Task to carry out: Where a line in the material beneath contains "Case", count it. Give the number only.

Records for processing:
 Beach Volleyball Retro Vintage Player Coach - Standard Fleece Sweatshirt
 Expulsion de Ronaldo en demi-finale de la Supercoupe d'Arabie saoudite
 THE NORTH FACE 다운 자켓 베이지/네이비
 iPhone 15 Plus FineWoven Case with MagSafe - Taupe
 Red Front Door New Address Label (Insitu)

==

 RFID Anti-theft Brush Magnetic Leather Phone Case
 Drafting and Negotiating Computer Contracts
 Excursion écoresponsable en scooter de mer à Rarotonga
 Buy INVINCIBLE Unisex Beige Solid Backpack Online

* * *

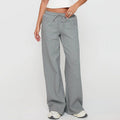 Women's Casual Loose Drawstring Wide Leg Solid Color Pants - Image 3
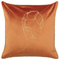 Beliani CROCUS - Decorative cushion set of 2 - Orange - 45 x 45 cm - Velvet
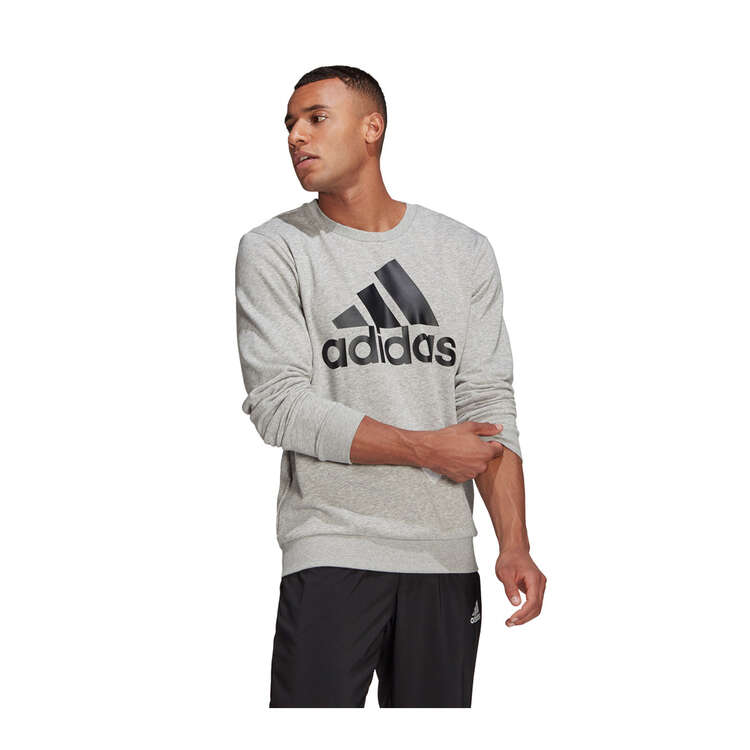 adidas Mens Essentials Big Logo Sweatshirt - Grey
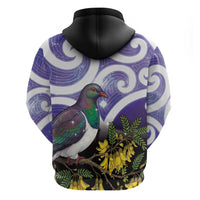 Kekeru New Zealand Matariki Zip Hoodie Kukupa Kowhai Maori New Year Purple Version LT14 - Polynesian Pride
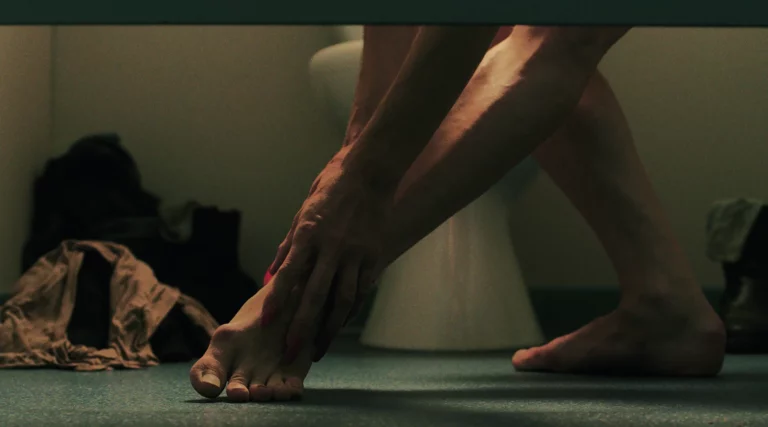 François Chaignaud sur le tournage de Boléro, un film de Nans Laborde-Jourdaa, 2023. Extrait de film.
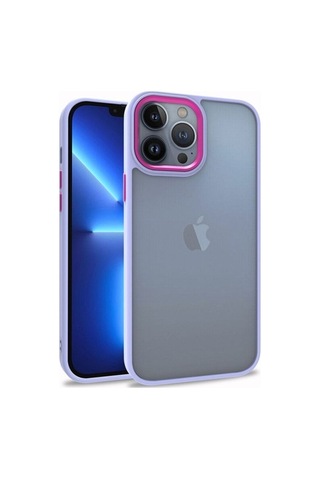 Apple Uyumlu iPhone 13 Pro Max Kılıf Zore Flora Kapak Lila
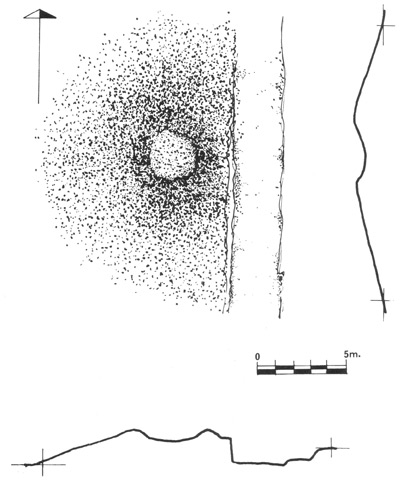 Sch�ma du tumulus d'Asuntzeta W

Response for this exercise: 2